───── Dataset content

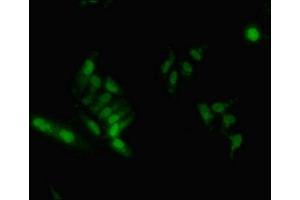 Immunofluorescent analysis of Hela cells using ABIN7155138 at dilution of 1:100 and Alexa Fluor 488-congugated AffiniPure Goat Anti-Rabbit IgG(H+L) (HNRNPA2B1 抗体  (AA 1-249))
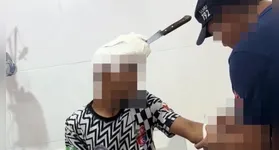 Adolescente de 14 anos ficou com a faca cravada na cabeça.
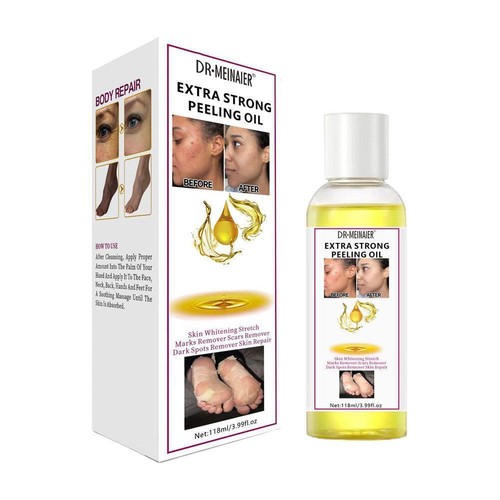 118ml Strong Yellow Peeling Oil Exfoliating Solution Body Dark For Face V3H0 - Picture 6 of 12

──────────

* [Aim of the task] Every line above should be copied exactly, apart from any pictures.

* [Task answer]
 Immunofluorescent analysis of Hela cells using ABIN7155138 at dilution of 1:100 and Alexa Fluor 488-congugated AffiniPure Goat Anti-Rabbit IgG(H+L) (HNRNPA2B1 抗体  (AA 1-249))
 Adolescente de 14 anos ficou com a faca cravada na cabeça.
 118ml Strong Yellow Peeling Oil Exfoliating Solution Body Dark For Face V3H0 - Picture 6 of 12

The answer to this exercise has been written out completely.